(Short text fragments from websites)
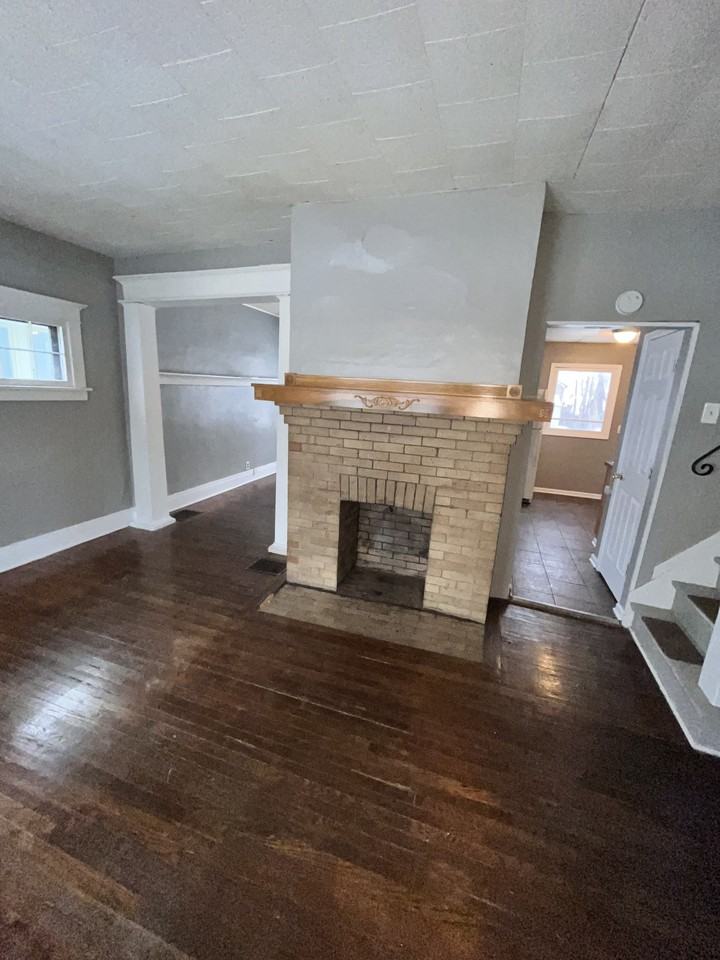 79 Henrietta Ave - Photo 2 of 13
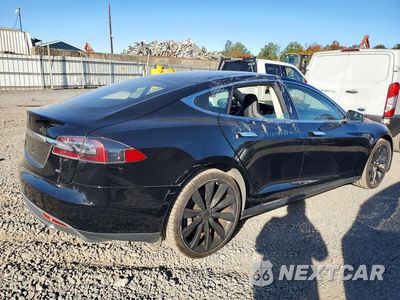 Trzecie zdjęcie samochodu z tyłu: 2013 TESLA MODEL S VIN:5YJSA1CN6DFP22065 - miniatura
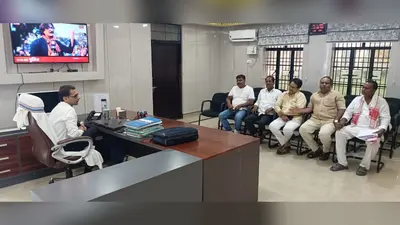 आरा: डीएम से मिले एनडीए के जिलाध्यक्ष, कई समस्याओं से कराया अवगत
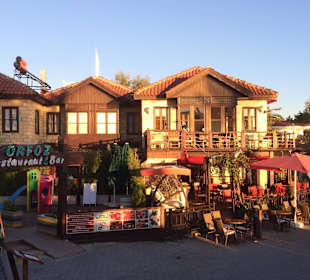 Orfoz links / Side House Café & Bar rechts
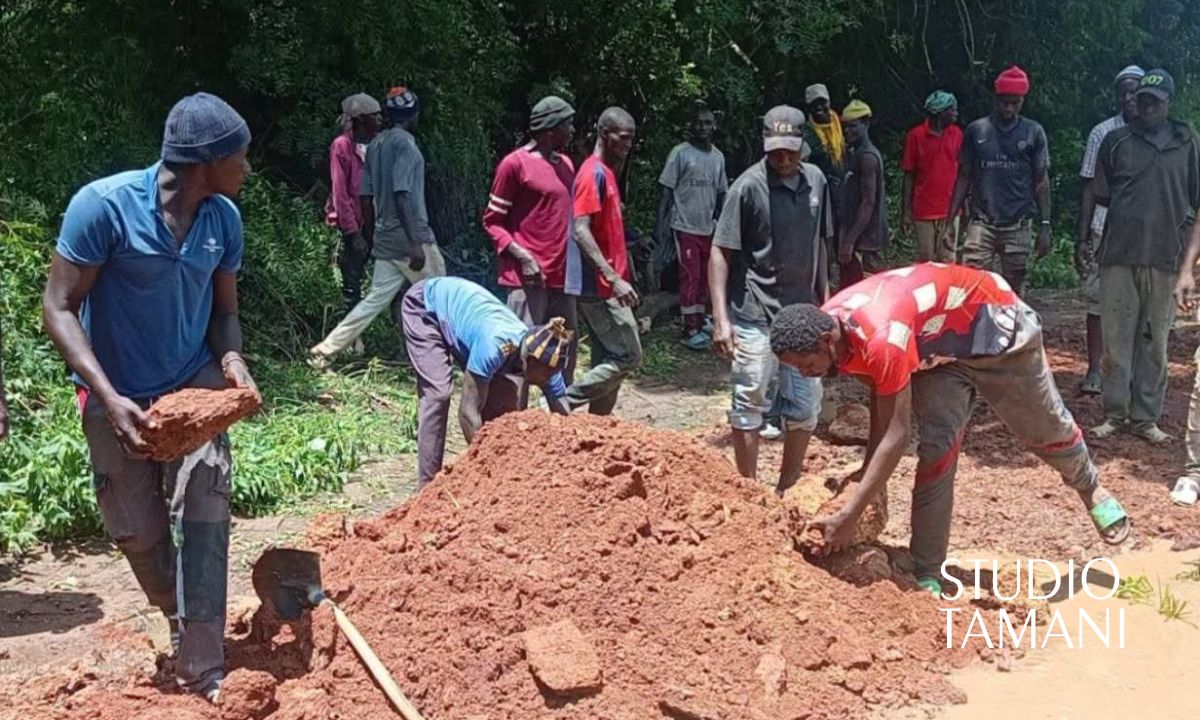 Bafoulabé : les jeunes réhabilitent leur route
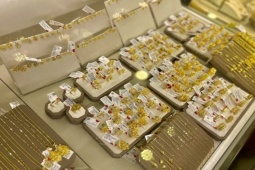 Kinh doanh - Giá vàng hôm nay 19/3: Lại bật tăng mạnh sau phiên dò đáy 2 tuần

Exercise description:
Leaving every picture out, return the lines from the one containing "Orfoz links / Side House Café & Bar rechts" through the last line of the records exactly.

Problem solution:
 Orfoz links / Side House Café & Bar rechts
 Bafoulabé : les jeunes réhabilitent leur route
 Kinh doanh - Giá vàng hôm nay 19/3: Lại bật tăng mạnh sau phiên dò đáy 2 tuần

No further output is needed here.